To do
Repeat every line from the line containing "Draining Curds" to the end of the data, exactly. Leave the pictures out.

(Captioned web images)
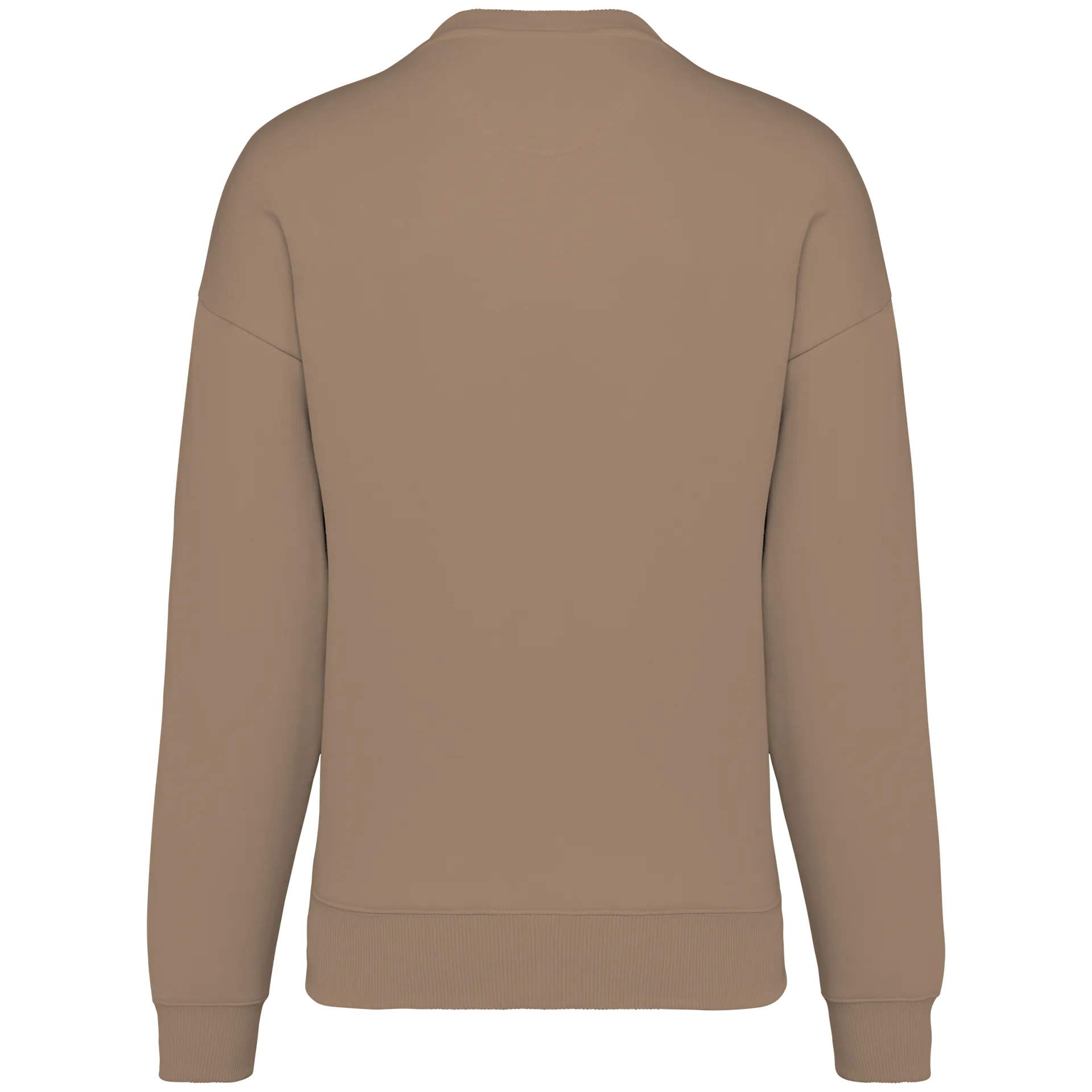 Umweltfreundliches Oversize Unisex-Sweatshirt mit Rundhalsausschnitt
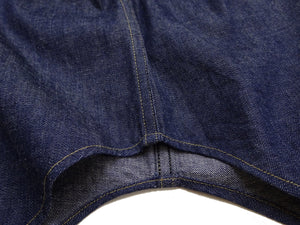 Sugar Cane Men's Vintage-Inspired Long-Sleeve Denim Western Shirt, Approx. 8 oz. 100% Cotton, Snap Front, One-Wash, Made in Japan (SC28190, 421A Dark Indigo)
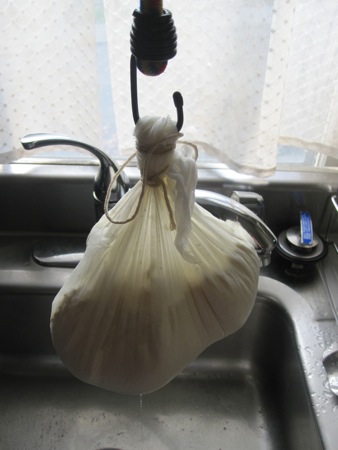 Draining Curds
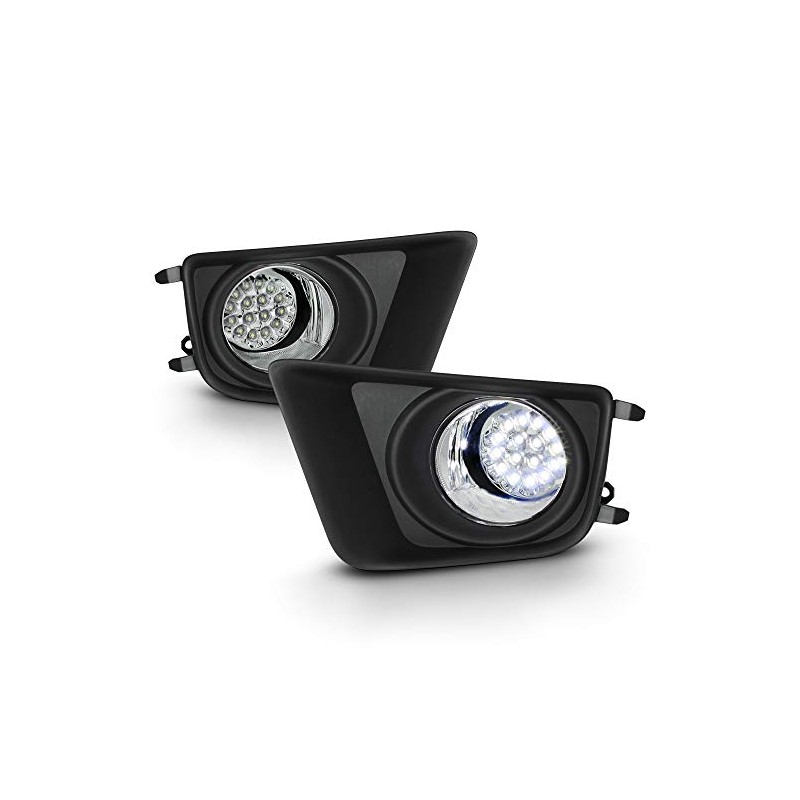 ACANII - For 2012-2015 Toyota Tacoma Pickup White LED Fog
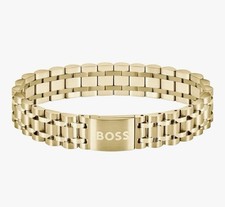 BOSS Jewelry Men's OWAN Collection Link Bracelet in Stainless Steel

Solved exercise
 Draining Curds
 ACANII - For 2012-2015 Toyota Tacoma Pickup White LED Fog
 BOSS Jewelry Men's OWAN Collection Link Bracelet in Stainless Steel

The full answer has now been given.